Extracted data entries:
^^^^^^^^^^^^^^^^

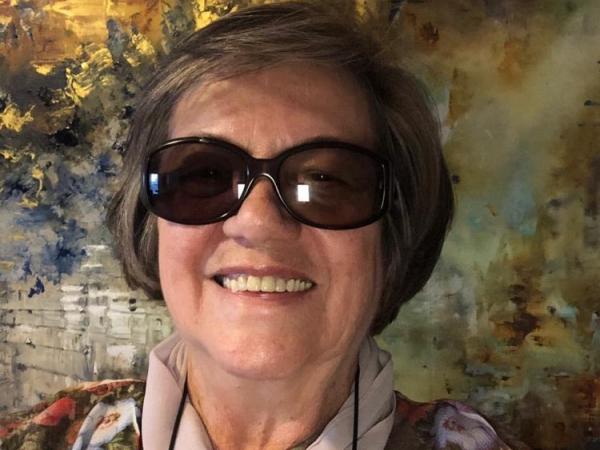 Professora e artista plástica Maria Helena Silvestre, aniversariou sexta última (21)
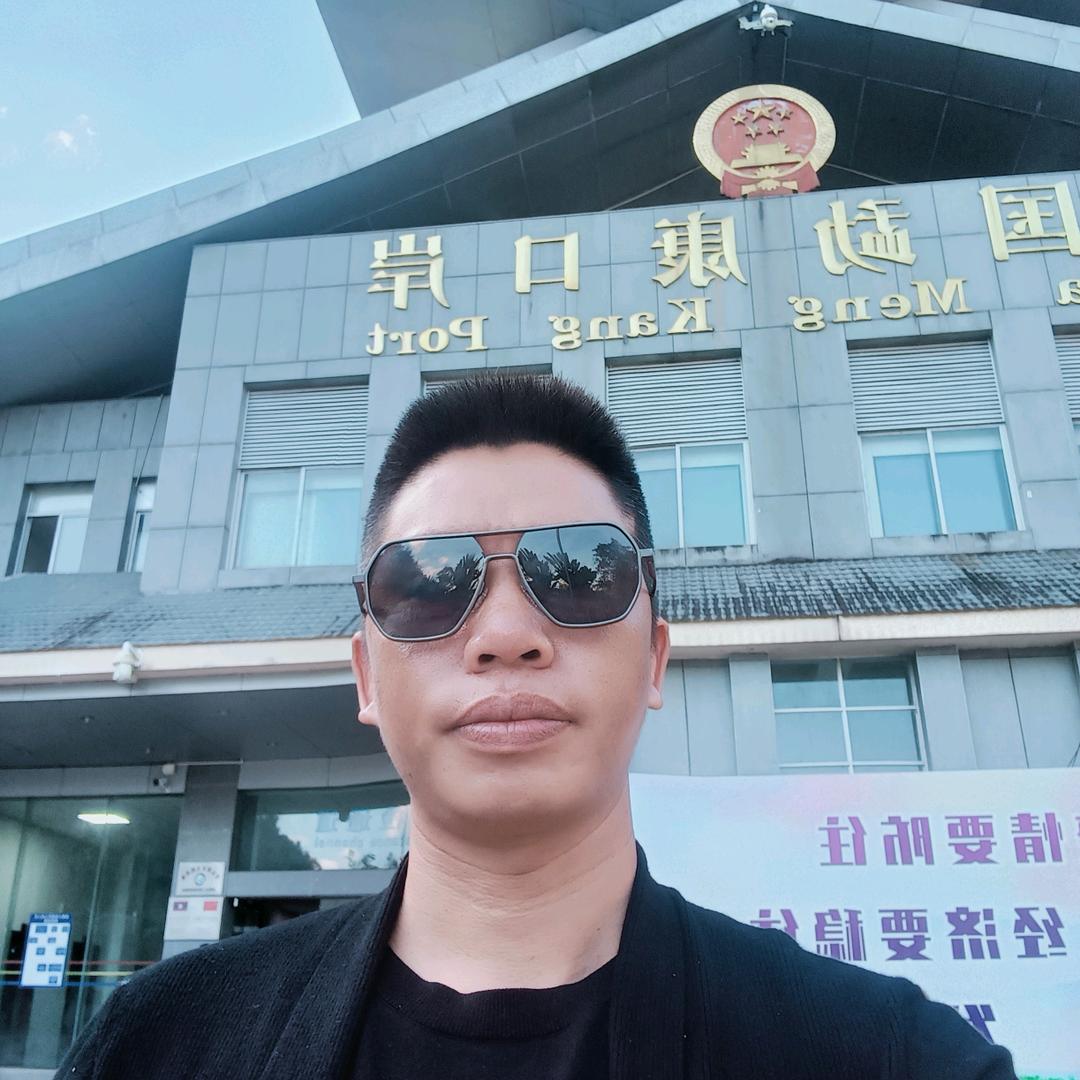 江城三国贸易城，建水兄弟烧烤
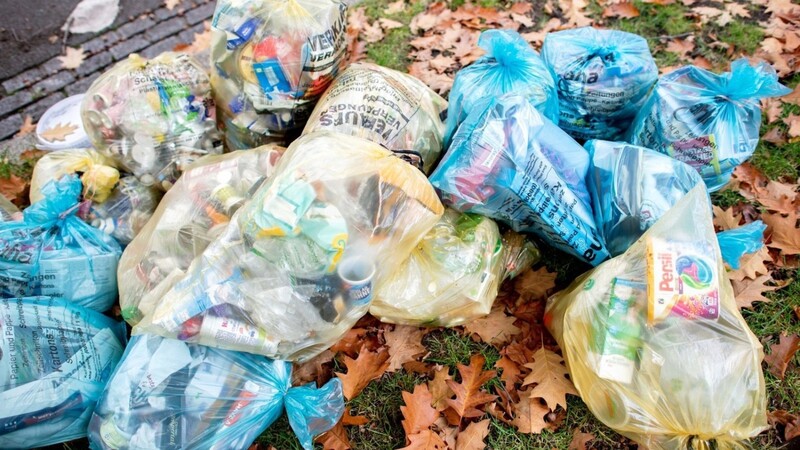 Das Landratsamt Landshut warnt vor illegalen Müllsammlungen. (Symbolbild)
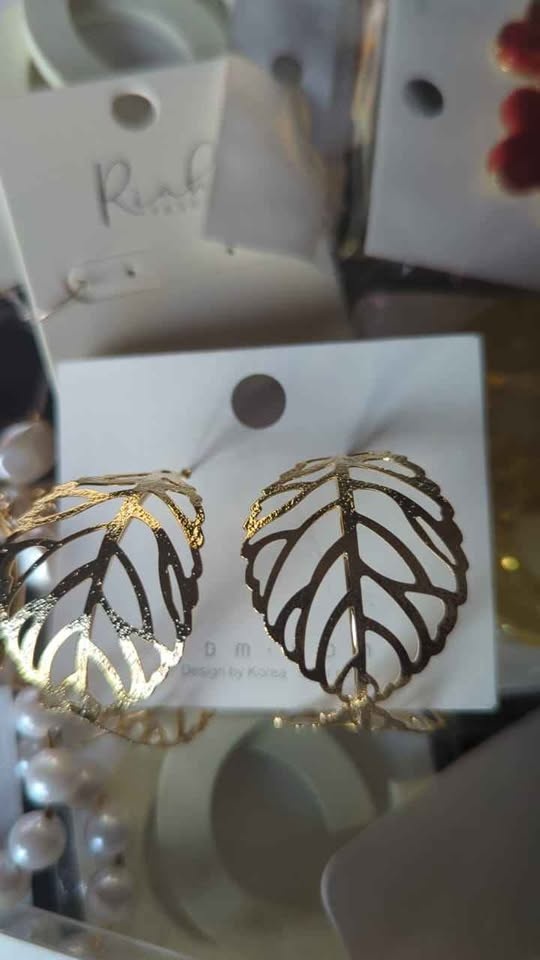 Brand New Women’s Earrings – Multiple Styles Available - photo 4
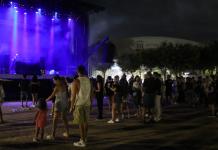 Albal suspende las discomóviles de las Fiestas de Santa Ana por una reyerta multitudinaria Albal suspende las discomóviles de las Fiestas de Santa Ana por una reyerta multitudinaria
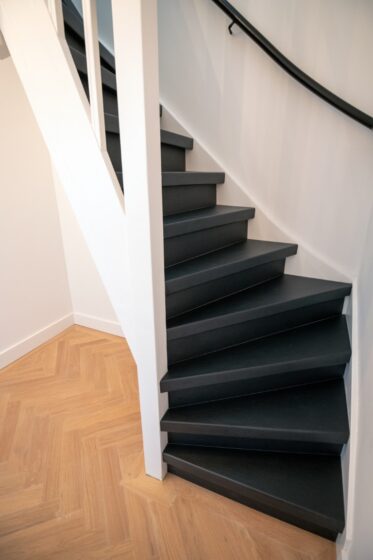 Traprenovatie Black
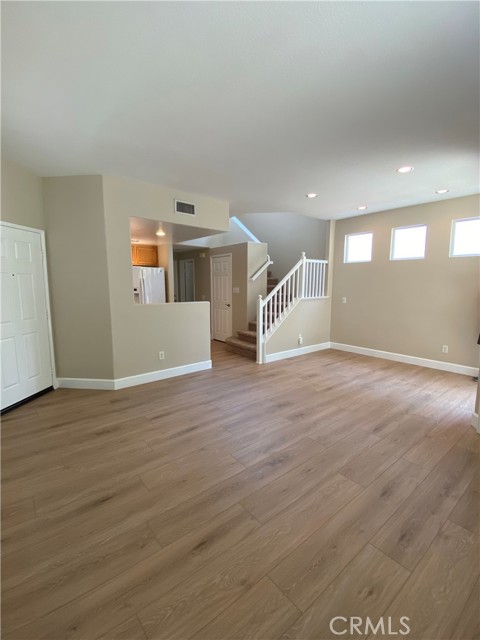 Detail Gallery Image 5 of 19 For 54 Bloomfield, Rancho Santa Margarita,  CA 92688 - 3 Beds | 2/1 Baths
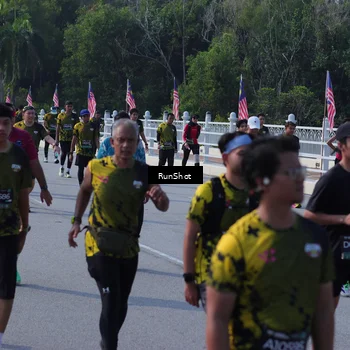 Runner Photo 7181517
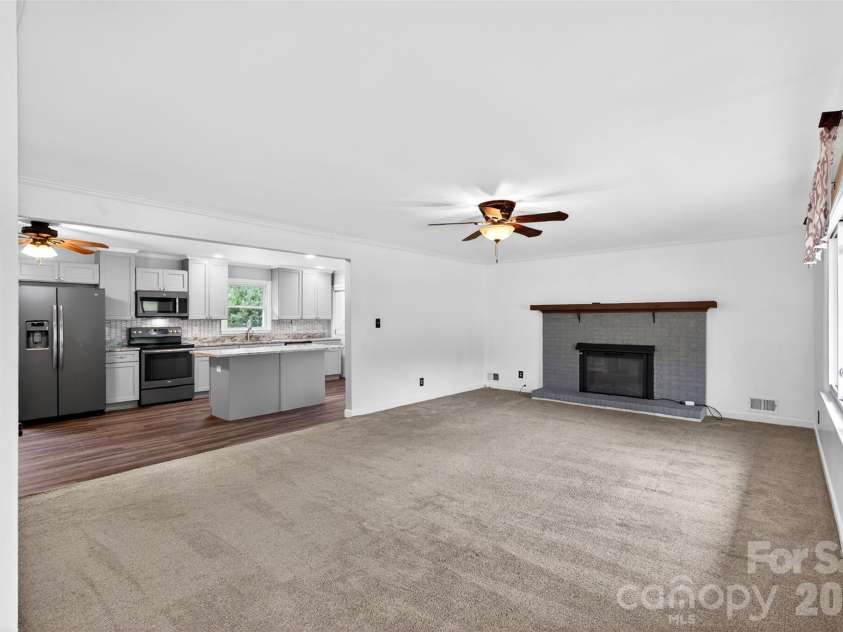 109 Woodruff Court, Moore, SC 29369.  MLS# CAR4388403, YatesRealty ID 37570. 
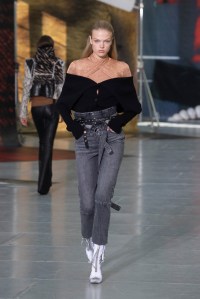 Unravel RTW Fall 2019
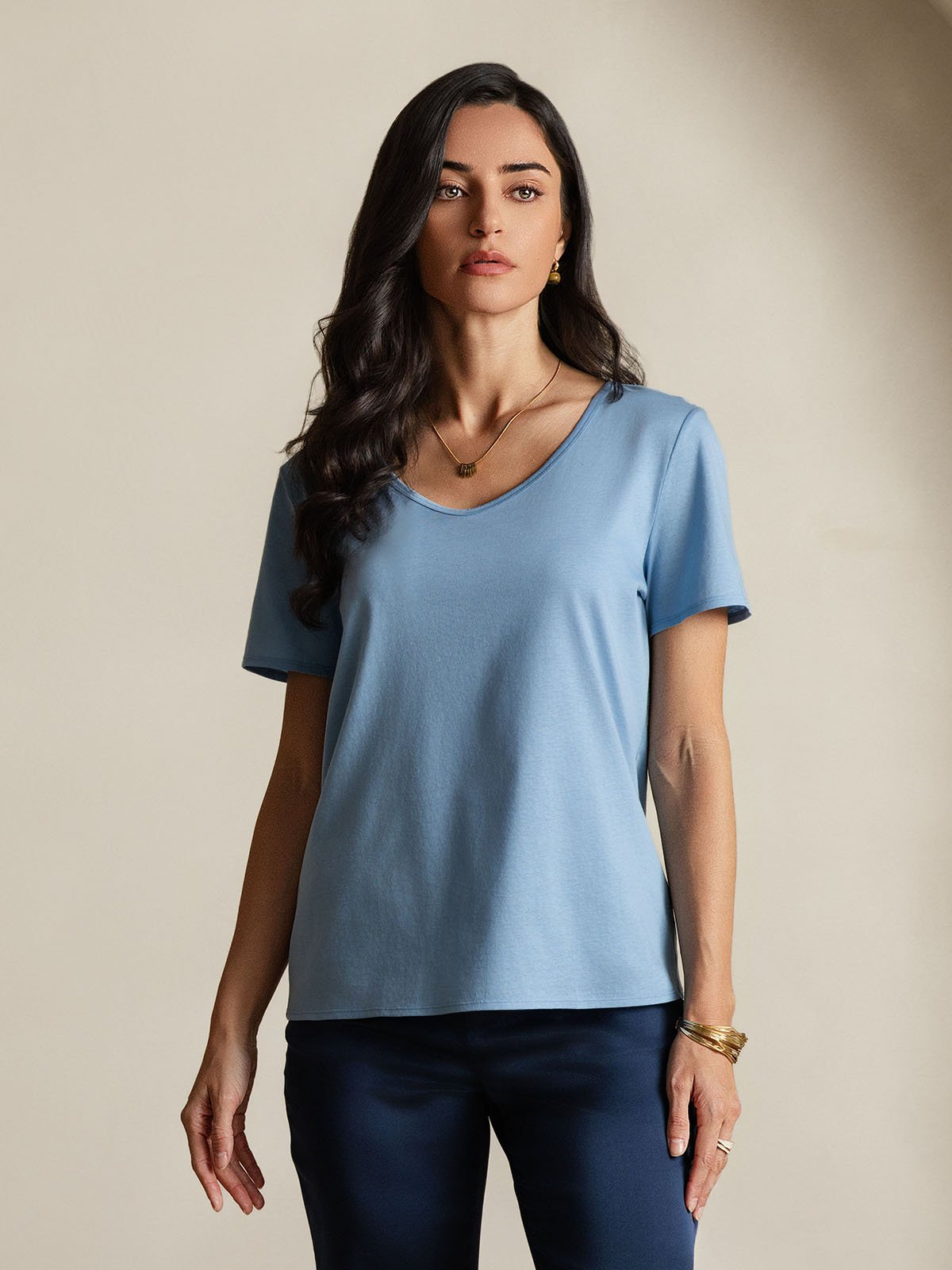 Elegante V-hals Dames T-shirt van Zijdeblend – Korte Mouwen in Diverse Kleuren | Stijlvolle Tops Dames voor Casual en Formele Gelegenheden-4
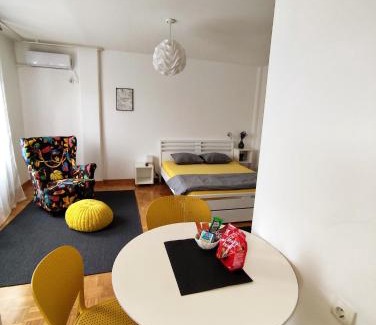 Novi Beograd Apartment | FIVE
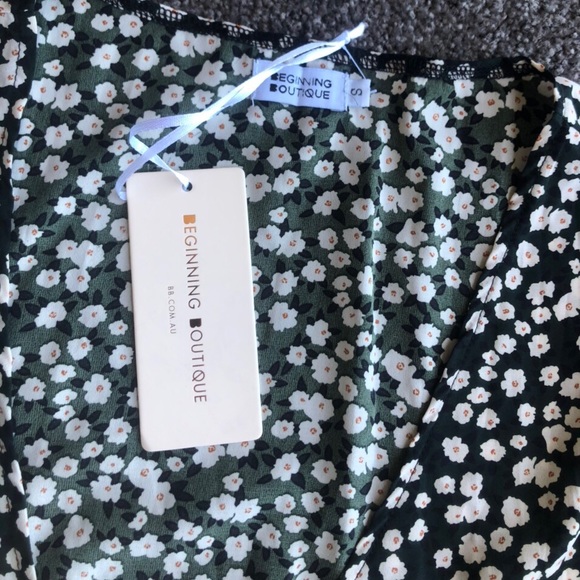 Tie up floral long sleeve - Picture 4 of 4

^^^^^^^^^^^^^^^^

◆ **Your objective**:
Apart from the pictures, write every entry out again exactly.

◆ **Your response**:
 Professora e artista plástica Maria Helena Silvestre, aniversariou sexta última (21)
 江城三国贸易城，建水兄弟烧烤
 Das Landratsamt Landshut warnt vor illegalen Müllsammlungen. (Symbolbild)
 Brand New Women’s Earrings – Multiple Styles Available - photo 4
 Albal suspende las discomóviles de las Fiestas de Santa Ana por una reyerta multitudinaria Albal suspende las discomóviles de las Fiestas de Santa Ana por una reyerta multitudinaria
 Traprenovatie Black
 Detail Gallery Image 5 of 19 For 54 Bloomfield, Rancho Santa Margarita,  CA 92688 - 3 Beds | 2/1 Baths
 Runner Photo 7181517
 109 Woodruff Court, Moore, SC 29369.  MLS# CAR4388403, YatesRealty ID 37570. 
 Unravel RTW Fall 2019
 Elegante V-hals Dames T-shirt van Zijdeblend – Korte Mouwen in Diverse Kleuren | Stijlvolle Tops Dames voor Casual en Formele Gelegenheden-4
 Novi Beograd Apartment | FIVE
 Tie up floral long sleeve - Picture 4 of 4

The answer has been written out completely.